Iran’s regime president, Ebrahim Raisi, stated on April 8 that revoking the country’s subsidized currency exchange rate will not cause an economic setback. Rising inflation and skyrocketing prices have left tens of millions of people unable to purchase basic necessities, including bread, less than a month later.
Wheat prices have increased by 100% in the last three years. Flour prices have increased by 500 percent to nearly 700 percent. Ordinary sandwich bread has increased in price by a factor of thirteen. The cost of cooking oil has increased by more than 750 percent. Rice prices have increased by 130 percent in just six months. Medicine is now 1,000% more expensive on average.

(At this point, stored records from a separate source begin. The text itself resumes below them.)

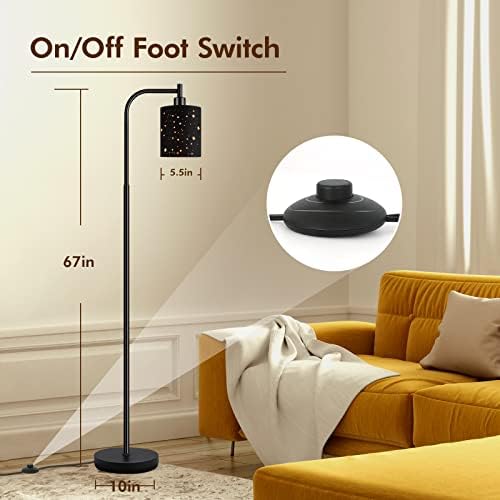 Gothic Industrial Floor Lamp with Starry Laser Cut Shade, 67" Black Metal Standing Lamp with 6W LED Bulb,Foot Switch, Perfect Halloween Spooky Home Decor,Tall Floor Lamp for Bedroom, Living Room,Black - Image 5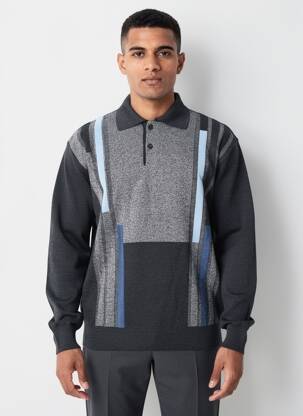 Pulover guler polo mâneci lungi gri GUY DE BERAC bărbat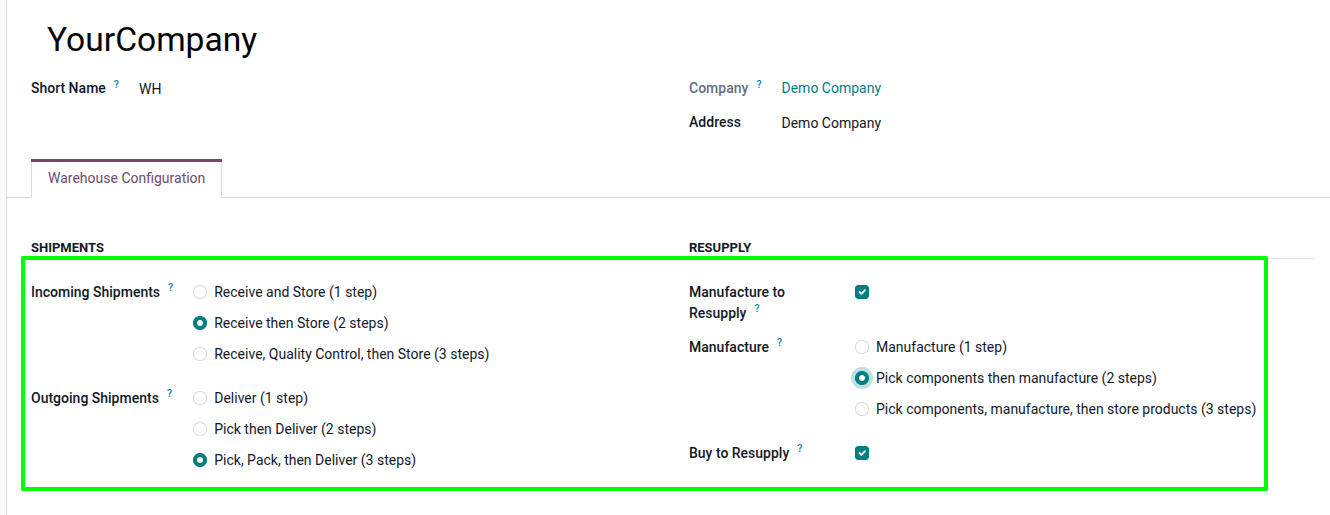 Select 3 steps option for outgoing shipments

The rise in rent and mortgage rates is “breaking the tenants’ backs,” according to state media reports on housing prices. Bread has become so expensive and scarce that state media are warning that “a rise in bread prices triggered the French revolution.”
Raisi has responded by claiming that the recent unbridled price rise will be contained by an increase of three to four million rials in subsidies for the country’s poorest families and that there is no need to be concerned.
However, Iran’s previous fiscal year (March 2020 to March 2021) required around $8 billion in subsidized currency to purchase basic goods. As a result, the Raisi cabinet literally pocketed $8 billion by eliminating the subsidized currency, which can be used to advance the regime’s nuclear weapons program, missile and drone development, fuel regional terrorism, and beef up their domestic crackdown apparatus.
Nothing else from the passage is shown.